Anni dopo, secondo l’inchiesta, Giuseppe passa dai Cursoti ai Cappello. Portando con sé il suo peso sociale nell’intero quartiere. Dice Sebastiano Sardo, cioè il pentito Iano occhiolino, che Banana era capace di smerciare, da casa sua, un chilo di cocaina al mese, intascando 50mila euro. Un’abilità che gli vale il rango di «luogotenente» del presunto capo, Lorenzo Cristian Monaco, e che lo porta spesso, come accertato dalle forze dell’ordine durante i periodi di osservazione che hanno portato al blitz di ieri, a contare mazzette di denaro contante.

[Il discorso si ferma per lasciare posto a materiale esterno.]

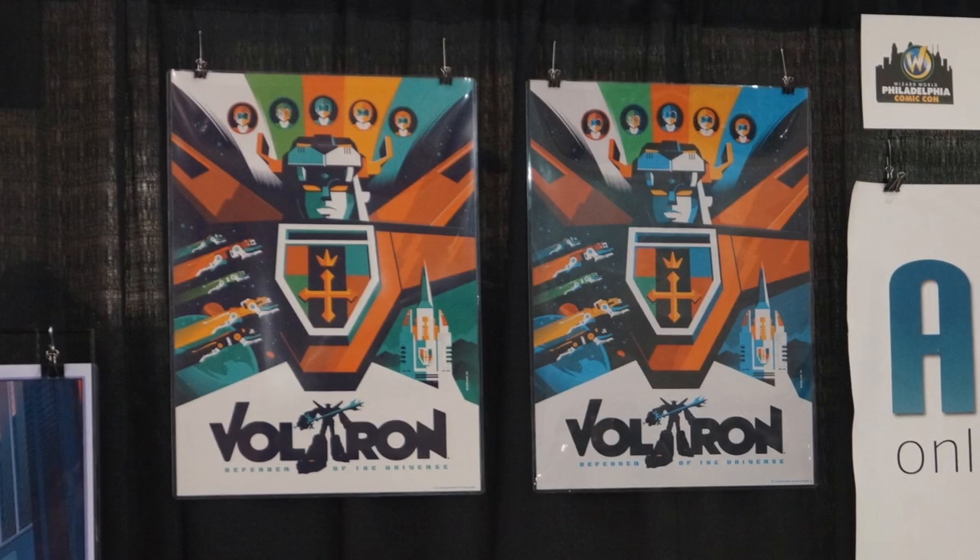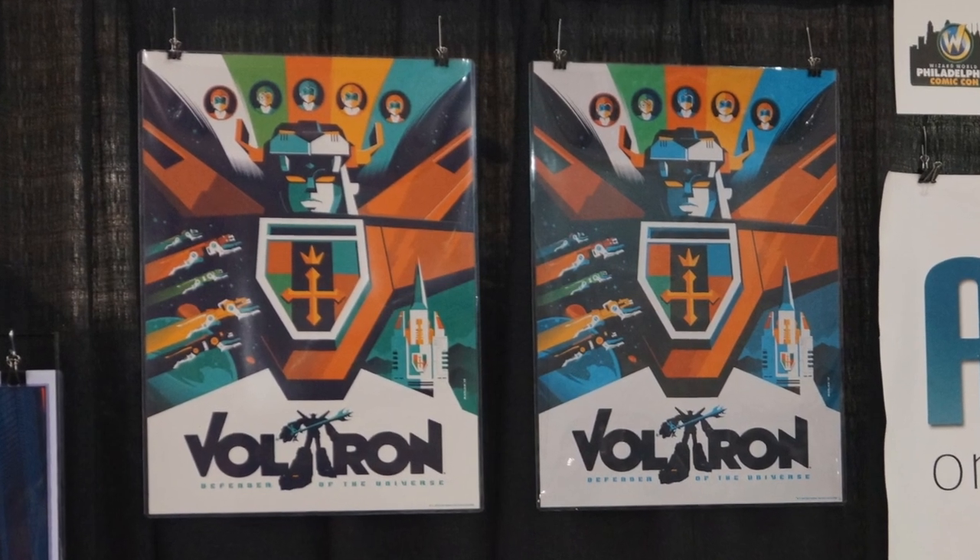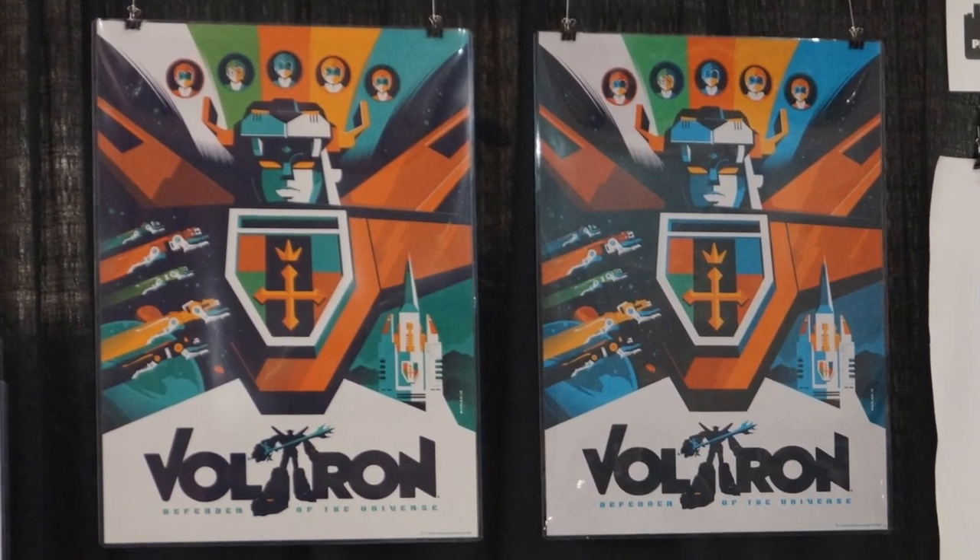Hi, this is Mark Morrell from Toon Barn, and I'm here with Tom Whelan, an artist who has an exclusive here at Philly Comic Con. We'd like to talk to him about it. It's a Voltron screen print.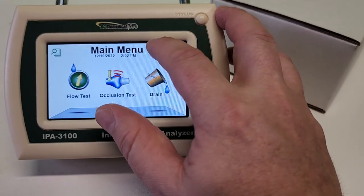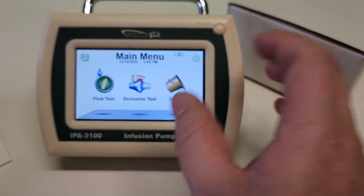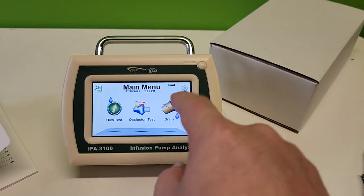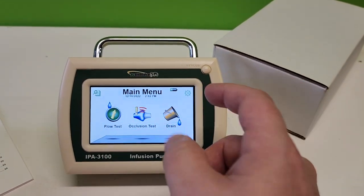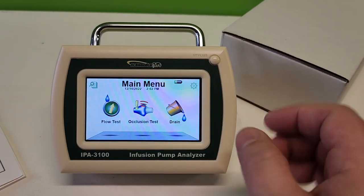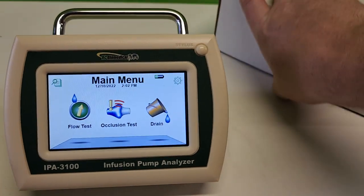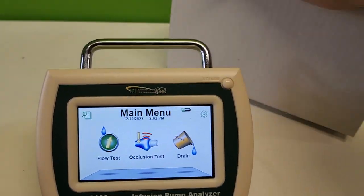I wonder how long the battery lasts. I touched the screen and it says I have 30 minutes left on the battery - that's pretty cool, I wasn't really expecting that. I'm going to go ahead and let this guy fully charge all the way up.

Il ruolo di organizzatore di Banana, secondo gli investigatori, emerge anche da un’abitudine amorevole: il bacio sulle labbra per salutare Giuseppe La Placa. Un modo – «in termini di alta probabilità», scrive la procura – «per manifestare la comune appartenenza al clan». E per tutelare proprio il clan, nei giorni in cui esponenti di rango apicale della cosca si presentavano in corso Indipendenza per discutere di affari, veniva interrotto lo spaccio di droga. Non si muoveva una foglia, infatti, il 3 aprile 2018 quando, tra le case popolari di corso Indipendenza, si incontrano la moglie di Ignazio Bonaccorsi (fratello del pentito Concetto), Giuseppe Ruscica, Giuseppe La Placa, il presunto capo Lorenzo Cristian Monaco e i gemelli Fabio e Luca Santoro, arrestati nell’ambito del blitz Gorgoni e ritenuti tra i più stretti collaboratori di Massimiliano Salvo, ‘u carruzzeri, ritenuto dagli investigatori capo dell’ala armata del clan Cappello.